Collagen not only functions as a scaffold for cells, but it also functions as a bio-signaling molecule that regulates cell survival and differentiation by interacting with membrane receptors and soluble proteins. The amino acid sequences recognized by collagen-binding macromolecules have been identified. Collagen-binding integrins α1β1, α2β1, α10β1, and α11β1 mediate cell adhesion, survival, and proliferation. The Gly-Phe-Hyp-Gly-Glu-Arg (GFOGER) sequence on the collagen triple helix has been identified as a high-affinity site for integrin α2β1, a major collagen-binding integrin [5,6]. The collagen-binding receptor tyrosine kinases, discoidin domain receptor (DDR) 1 and 2, also regulate cell adhesion, survival, and proliferation. DDRs recognize Gly-Val-Met-Gly-Phe-Hyp on the collagen triple helix [7]. Both the von Willebrand factor (VWF) for blood coagulation and secreted protein acidic and rich in cysteine (SPARC) bind to Arg-Gly-Gln-Hyp-Gly-Val-Met-Gly-Phe containing the DDR-binding sequence [8,9,10]. The pigment epithelium-derived factor (PEDF) and heparan sulfate proteoglycans in syndecans competitively bind to Lys-Gly-His-Arg-Gly-Phe-Ser-Gly-Leu on the collagen triple helix and regulate angiogenesis [11,12,13].

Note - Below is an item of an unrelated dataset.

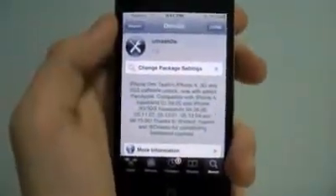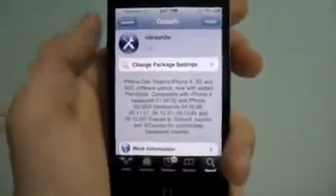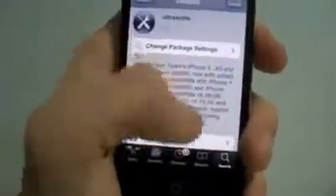First off, you want to make sure that your iPhone has a compatible baseband with UltraSnow, to make sure that you're not diagnosing the wrong problem. You may not have service because your baseband is not even unlockable, so make sure it's one of these below, and if you don't know how to check it out,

Collagen is a useful biomaterial in research and medical applications because of its polymeric properties and biological activities [14]. Recently, the development of chemically synthesized artificial collagen as a collagen surrogate has been reported [15,16]. Artificial collagen is a promising biomaterial that can provide matrices with specific biological activities by incorporating bioactive sequences.

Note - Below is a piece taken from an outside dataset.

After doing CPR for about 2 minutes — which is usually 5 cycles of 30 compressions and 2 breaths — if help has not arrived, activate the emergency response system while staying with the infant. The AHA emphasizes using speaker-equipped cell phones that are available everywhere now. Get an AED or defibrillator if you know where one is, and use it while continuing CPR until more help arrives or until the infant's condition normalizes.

Peptides with tens of amino acid residues consisting of tandem Xaa-Yaa-Gly repeats (collagen-like peptides) form the collagen-like triple helix by self-assembly. Several artificial collagens that can form a gel by the supramolecular formation of collagen-like peptides have been reported. A trimeric collagen-like peptide in which three peptide strands are staggered and tethered by disulfide bonds forms a gel by elongating the triple helix [17,18,19]. Cell adhesion activity has been introduced into the artificial collagen-like material by incorporating the integrin-binding GFOGER sequence [20]. However, it is not suitable for practical use because the need for the stepwise reaction of disulfide bond formation results in high synthetic cost. Collagen-like peptides consisting of Pro-Hyp-Gly repeats with Lys and Asp residues in appropriately designed positions form a gel by elongation of the triple helix through sticky-end assembly and further lateral interactions via salt bridges [21,22]. However, rearrangement of the acidic and basic amino acids in the peptide sequence is critical for supramolecular formation. Therefore, the amino acid sequence can hardly be rearranged, and it is difficult to incorporate bioactive sequences into the peptide sequence.

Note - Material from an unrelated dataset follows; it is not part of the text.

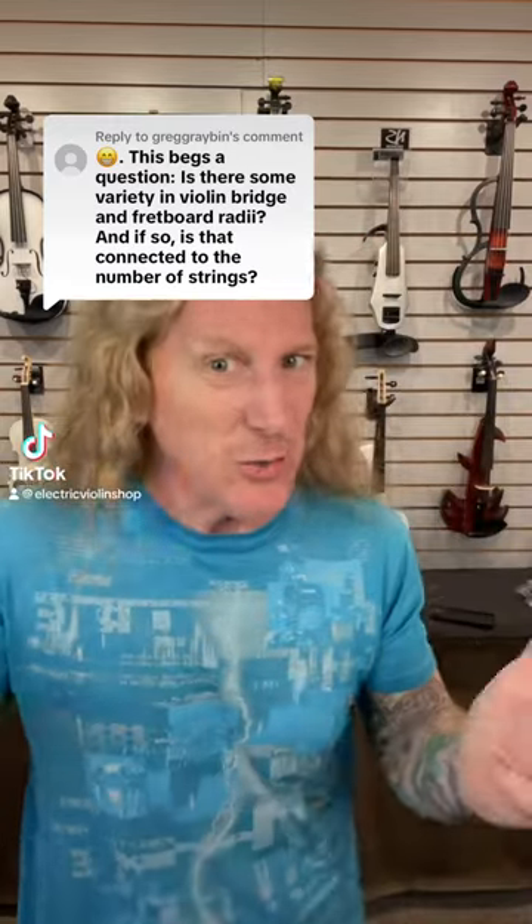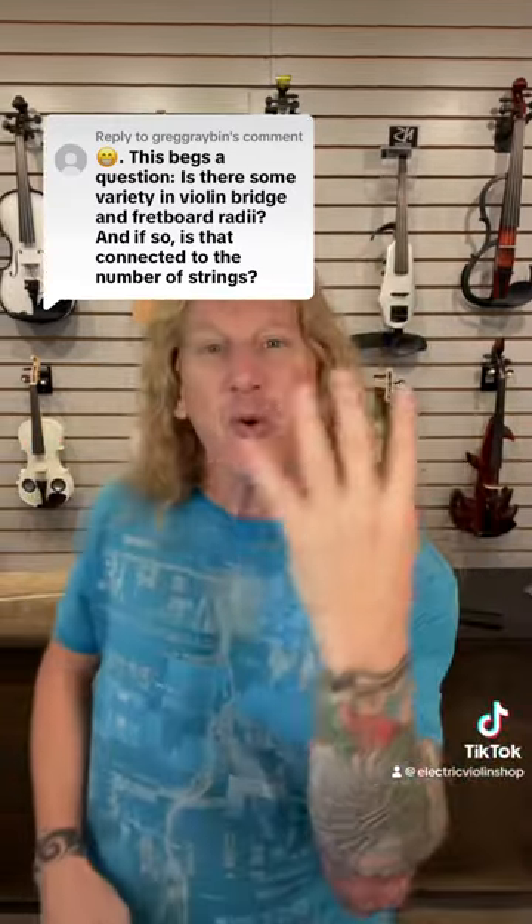Yes, and this is a fantastic question, so let's address it. For four string violins there's a set of standard dimensions that just about every manufacturer works with. There'll be some deviations from that, but not a whole lot. With extended range violins, all bets are off — every single manufacturer does it differently.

Recently, we developed another artificial collagen system by end-to-end cross-linking of collagen-like triple-helical peptides [23]. We found that a peptide with two or more Cys residues at each terminus of the collagen-like sequence formed a gel by triple helix formation and subsequent cross-linking via disulfide bonds. The polymer gel exhibited integrin-dependent cell attachment activity by incorporating the responsible amino acid sequence into the peptide. The cell attachment activity was tuned by altering the concentration of the binding sequence in the polymer. The stiffness of the gel could also be tuned by altering the number of Cys residues. However, the preparation process requires more than 3 days of oxidation in a solution containing 10% (v/v) dimethyl sulfoxide (DMSO) as an oxidant [24], and physical destruction of the gel is irreversible. Therefore, the gel has to be formed into a shape a priori, and it is difficult to be applied to a 3D scaffold for cell culture or an injectable gel for medical use.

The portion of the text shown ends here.